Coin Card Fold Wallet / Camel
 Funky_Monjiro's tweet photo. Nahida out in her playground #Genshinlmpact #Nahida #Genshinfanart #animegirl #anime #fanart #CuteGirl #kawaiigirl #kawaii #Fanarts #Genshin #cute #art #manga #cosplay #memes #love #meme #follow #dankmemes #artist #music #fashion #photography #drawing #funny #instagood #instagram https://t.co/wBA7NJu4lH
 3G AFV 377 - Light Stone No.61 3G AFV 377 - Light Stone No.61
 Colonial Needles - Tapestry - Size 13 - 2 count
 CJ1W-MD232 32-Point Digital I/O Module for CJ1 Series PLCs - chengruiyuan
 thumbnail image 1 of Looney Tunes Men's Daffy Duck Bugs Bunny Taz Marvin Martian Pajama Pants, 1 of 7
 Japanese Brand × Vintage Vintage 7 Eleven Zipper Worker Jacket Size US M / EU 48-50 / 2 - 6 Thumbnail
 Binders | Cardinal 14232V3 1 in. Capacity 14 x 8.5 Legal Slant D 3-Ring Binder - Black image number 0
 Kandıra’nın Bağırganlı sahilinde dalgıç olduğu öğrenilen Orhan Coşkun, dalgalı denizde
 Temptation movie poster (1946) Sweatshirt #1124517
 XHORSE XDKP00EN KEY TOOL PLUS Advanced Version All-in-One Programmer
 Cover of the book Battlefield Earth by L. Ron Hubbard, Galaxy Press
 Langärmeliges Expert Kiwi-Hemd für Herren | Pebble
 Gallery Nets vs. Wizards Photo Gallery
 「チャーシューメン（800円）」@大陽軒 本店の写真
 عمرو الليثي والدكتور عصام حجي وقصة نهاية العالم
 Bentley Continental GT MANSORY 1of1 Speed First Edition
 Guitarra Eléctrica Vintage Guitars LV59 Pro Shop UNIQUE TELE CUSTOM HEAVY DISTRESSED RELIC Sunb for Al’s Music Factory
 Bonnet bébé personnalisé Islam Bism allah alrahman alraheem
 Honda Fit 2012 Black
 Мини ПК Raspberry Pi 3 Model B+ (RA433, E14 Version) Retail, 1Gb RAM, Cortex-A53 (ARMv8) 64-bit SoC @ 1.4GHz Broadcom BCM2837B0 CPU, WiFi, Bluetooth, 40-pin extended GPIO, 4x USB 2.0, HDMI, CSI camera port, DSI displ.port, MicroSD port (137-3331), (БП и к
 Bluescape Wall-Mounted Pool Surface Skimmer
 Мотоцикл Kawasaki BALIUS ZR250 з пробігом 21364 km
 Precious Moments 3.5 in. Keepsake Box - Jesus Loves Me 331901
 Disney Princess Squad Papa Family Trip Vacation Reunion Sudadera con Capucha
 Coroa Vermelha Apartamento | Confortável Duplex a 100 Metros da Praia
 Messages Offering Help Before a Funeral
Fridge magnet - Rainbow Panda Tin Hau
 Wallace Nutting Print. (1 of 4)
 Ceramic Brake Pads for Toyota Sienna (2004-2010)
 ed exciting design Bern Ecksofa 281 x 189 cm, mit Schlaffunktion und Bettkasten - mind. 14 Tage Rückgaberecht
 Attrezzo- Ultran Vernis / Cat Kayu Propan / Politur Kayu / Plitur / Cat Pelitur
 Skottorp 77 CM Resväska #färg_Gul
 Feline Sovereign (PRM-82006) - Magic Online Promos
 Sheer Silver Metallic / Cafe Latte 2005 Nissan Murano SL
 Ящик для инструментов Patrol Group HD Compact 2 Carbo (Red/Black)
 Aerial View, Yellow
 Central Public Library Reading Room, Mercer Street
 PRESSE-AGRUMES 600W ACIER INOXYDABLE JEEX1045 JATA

**WORK INSTRUCTION**: The lines you return should be those above that contain the word "Version", every one of them.

**RESPONSE TO THE EXERCISE**:
 XHORSE XDKP00EN KEY TOOL PLUS Advanced Version All-in-One Programmer
 Мини ПК Raspberry Pi 3 Model B+ (RA433, E14 Version) Retail, 1Gb RAM, Cortex-A53 (ARMv8) 64-bit SoC @ 1.4GHz Broadcom BCM2837B0 CPU, WiFi, Bluetooth, 40-pin extended GPIO, 4x USB 2.0, HDMI, CSI camera port, DSI displ.port, MicroSD port (137-3331), (БП и к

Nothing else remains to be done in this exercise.